Diana Shnaider (F) se sente muito mais confortável no saibro, adaptou-se mais rapidamente às condições do torneio e gastou significativamente menos energia na rodada de abertura. McCartney Kessler (F), por outro lado, quase perdeu para uma adversária fora do top 100 do ranking e cometeu um número enorme de erros não forçados.
Diana Shnaider
Shnaider vem demonstrando evolução em quadras de saibro. Nesta temporada, ela venceu 6 de 10 partidas nesta superfície, perdendo apenas para adversárias do top 20. Na primeira rodada de Roland-Garros, ela superou Renata Zarazua sem maiores dificuldades (6 a 4, 6 a 1), controlando totalmente o confronto após um início equilibrado. As estatísticas foram bastante reveladoras: ela venceu 59% dos pontos na devolução, número superior inclusive ao de pontos ganhos com o próprio saque (57%).
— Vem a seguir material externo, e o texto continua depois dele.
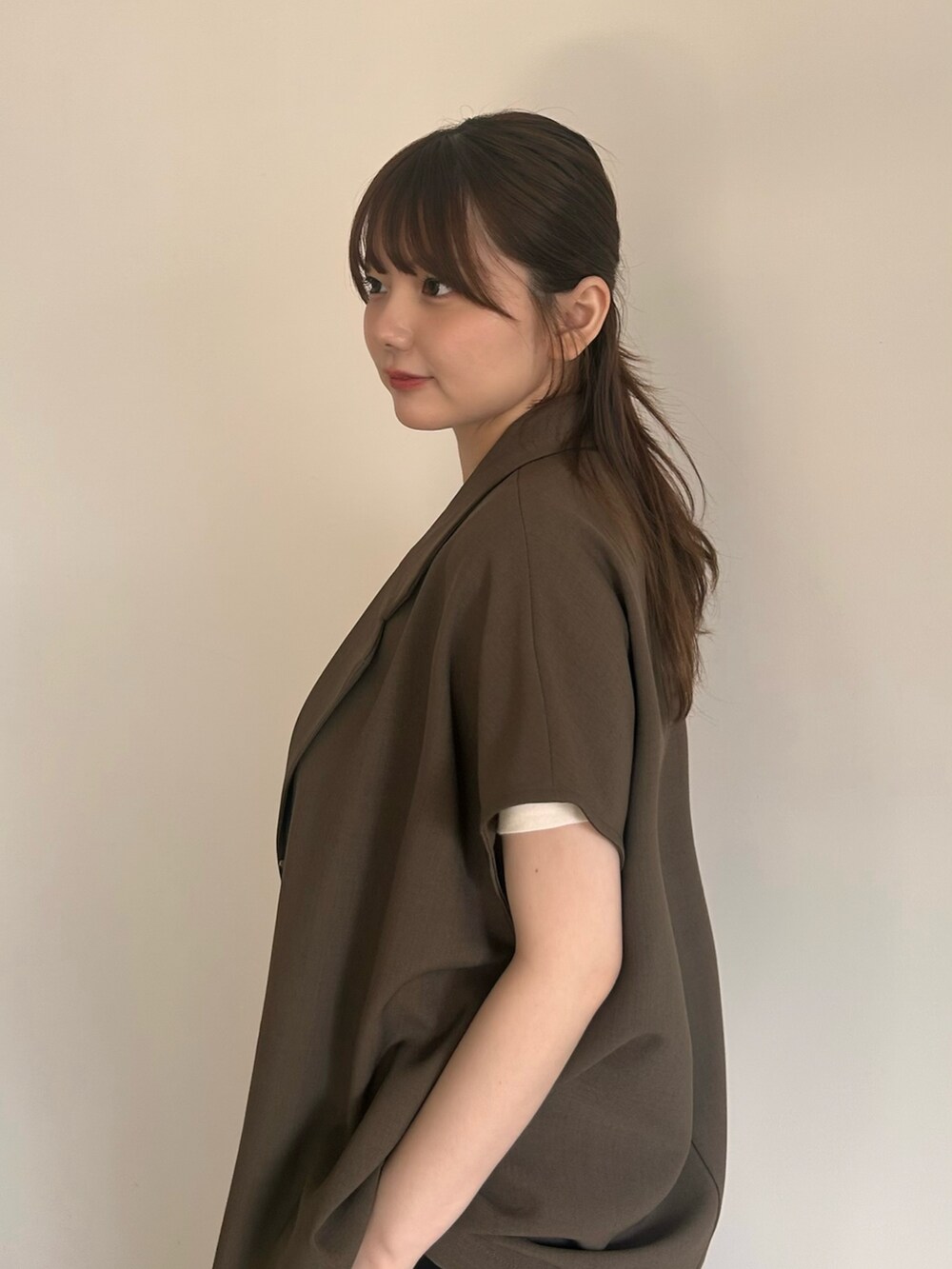 ブラウン系のテーラードジャケット、ベージュ系のTシャツ/カットソー、ブラック系のスラックスを着用したレディースの夏コーディネートの2枚目の写真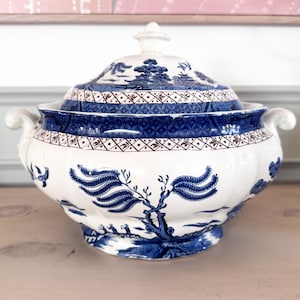 Op de afbeelding: Een witte en blauwe keramische terrine met deksel. De terrine heeft een klassiek Willow-patroon met een blauw-witte kleurstelling. Het ontwerp omvat een landschap met bomen en een brug. De terrine heeft twee handvatten en een decoratieve knop.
Números importantes de Shnaider:
10 de suas últimas 13 partidas terminaram em sets diretos.
95–37 é o seu histórico de vitórias e derrotas no saibro ao longo da carreira.
Ela nunca passou da segunda rodada de Roland-Garros em suas três participações anteriores.
McCartney Kessler
A tenista venceu uma partida de chave principal em Roland-Garros pela primeira vez na carreira, mas sua atuação deixou muitas interrogações.
Contra a chinesa Hanyu Guo, atual número 166 do mundo, ela precisou de quase três horas em quadra para triunfar em três sets, com parciais de 4 a 6, 7 a 6 e 7 a 5. Além disso, no segundo set, Guo sacou para fechar o jogo quando vencia por 6 a 5.
O principal problema reside na quantidade excessiva de erros em ralis longos. Na estreia, ela cometeu 70 erros não forçados e anotou apenas 26 bolas vencedoras. No saibro lento parisiense, esses números são preocupantes, especialmente diante de uma oponente capaz de manter um ritmo constante do fundo de quadra.
Somado a isso, ela permaneceu em quadra praticamente o dobro do tempo que Shnaider na primeira rodada. Em um jogo desgastante, o melhor condicionamento físico de Shnaider pode ser o fator decisivo.
Números importantes de Kessler:
32–29 é o seu histórico de vitórias e derrotas no saibro na carreira.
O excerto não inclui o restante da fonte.